The Institute argues that no one else has used the term Loglan in a generic fashion and that by capitalizing Loglan in its newsletter, the Language Group itself treats the term in a non-generic manner. We disagree. Capitalization is the correct form for the name of a language, e.g., English, French, or German (see Webster's Ninth New Collegiate Dictionary 1549 (1985));
In addition to generic use of the term Loglan by the Institute and the Language Group, others have so used the term. Numerous letters have been written to the Language Group inquiring about Loglan, requesting to be maintained on its Loglan mailing lists, and even inquiring about the status of the Loglan language being developed by the Language Group. The fact that the "consuming public" would write to someone other than the Institute regarding the Loglan language indicates that third parties understand Loglan to be a generic term; this understanding did not arise only from actions of the Language Group.
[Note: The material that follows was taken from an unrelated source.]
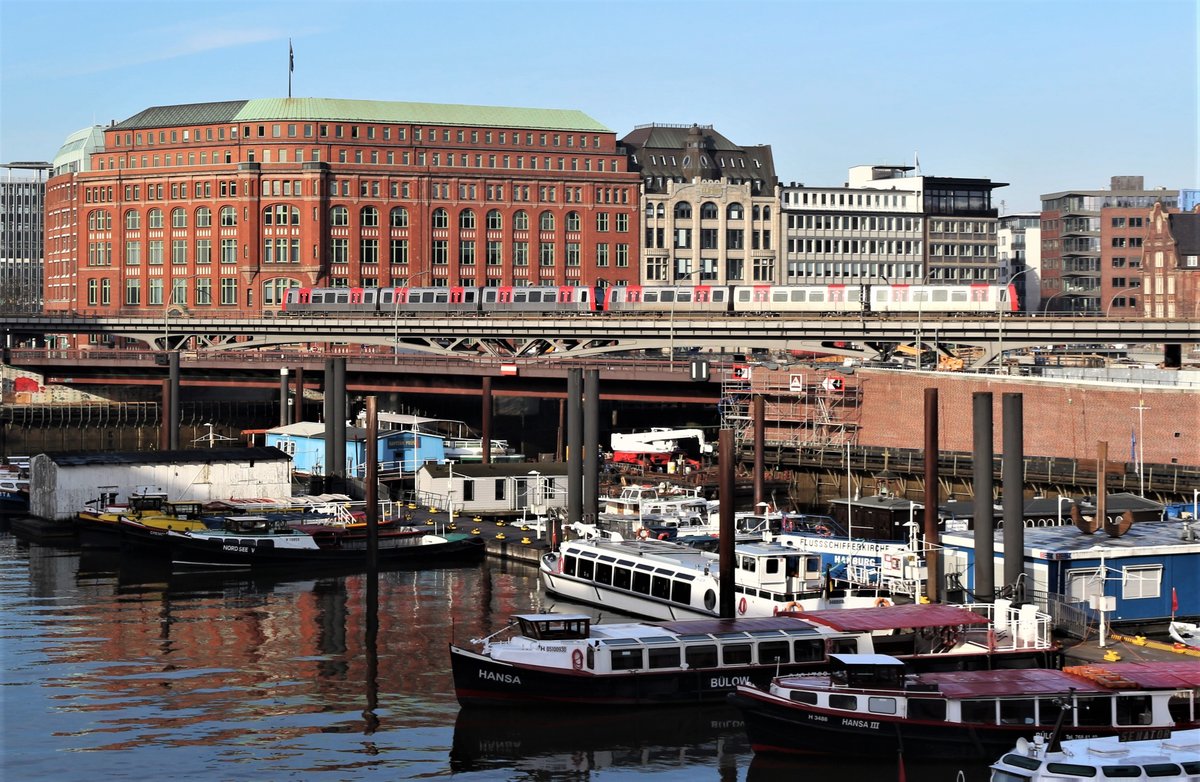 Zwei Triebzüge der Bauart DT5 der Hamburger Hochbahn (HHA) sind am 17. Februar 2018 auf der Hochbahnstrecke zwischen den Stationen Baumwall und Rödingsmarkt unterwegs zum nächsten Halt Baumwall als U3. Im Hintergrund das Überseehaus.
Rather, the Language Group and the public merely followed the generic usage of the Institute.
C. Equitable Defenses
As part of its answer, the Institute alleged various affirmative defenses, including the equitable defenses of unclean hands, estoppel, fraud, acquiescence, and waiver. The Board found that the unclean hands, fraud, and estoppel defenses were based on allegations of trade secret theft and infringement and therefore were not within the jurisdiction of the Board. Further, the Board stated that the equitable defense of acquiescence was not valid against the claim that the mark was generic. We affirm.
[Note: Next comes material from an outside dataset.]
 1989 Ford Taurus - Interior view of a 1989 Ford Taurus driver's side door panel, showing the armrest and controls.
Application of these defenses must be considered in light of the clear purpose of the Trademark Act that a registered mark may be cancelled at any time on the ground that it is generic, 15 U.S.C. § 1064(3), and also in light of the Board's discretionary power to apply the defenses.
To support the defenses of unclean hands, estoppel, and fraud, the Institute pleaded that the Language Group "wrongfully acquired the trade secrets of the [Institute] ..., and has converted and used such trade secrets to [Language Group]'s benefit.... [and that the Language Group] wrongfully used the mark `Loglan' in interstate commerce ..., thereby infringing on [the Institute's] trademark." As pleaded, these defenses are essentially claims of trademark infringement and unfair competition premised on the Institute's assertion of trademark rights in Loglan. The Institute also alleges that after it demanded that the Language Group stop using its "mark," the latter acquiesced and ceased using Loglan to designate its logical language.
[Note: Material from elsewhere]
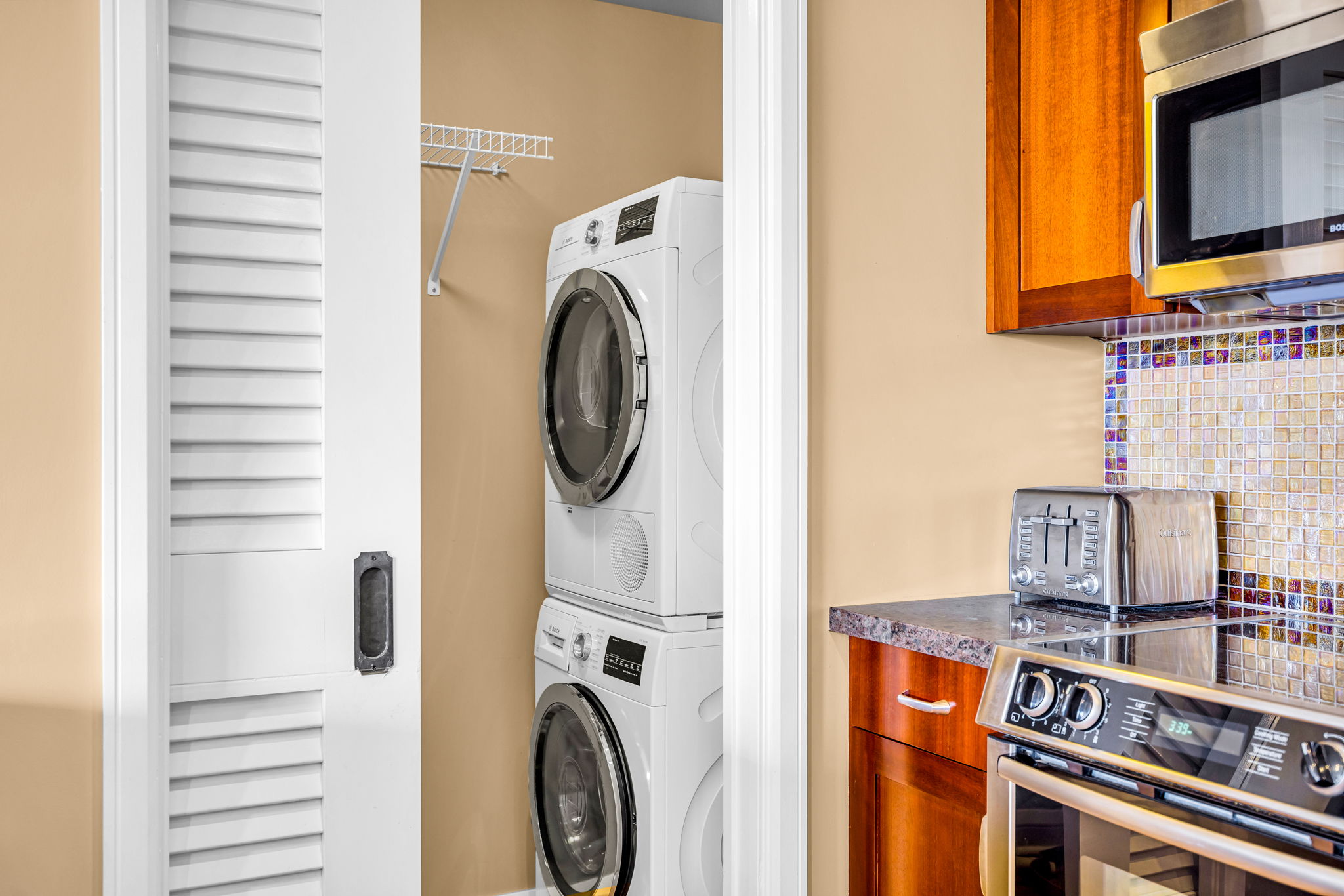 In-unit washer and dryer tucked neatly near the kitchen for easy mid-stay refreshes. HKH-305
The Lanham Act specifically provides that "[i]n all inter partes proceedings equitable principles of laches, estoppel, and acquiescence, where applicable may be considered and applied," 15 U.S.C. § 1069. While the Board must consider such defenses, we determine that it properly exercised its discretion in not allowing the defenses to prevail here. As the Board stated, these defenses cannot override the controlling fact that Loglan is the generic name for a language and that it cannot therefore be a trademark for dictionaries. The Board did not err in declining to apply the defenses, as the public interest in a cancellation proceeding to rid the register of a generic mark transcends them. The Board may have erred in stating that it lacked jurisdiction over the defenses, but that error was harmless under the circumstances.
We, of course, do not rule on whether the Institute may have an action against the Language Group on any matters of unfair competition. The record here simply shows that the term Loglan has never been a trademark, but rather entered the public domain as a generic name from the time of its inception.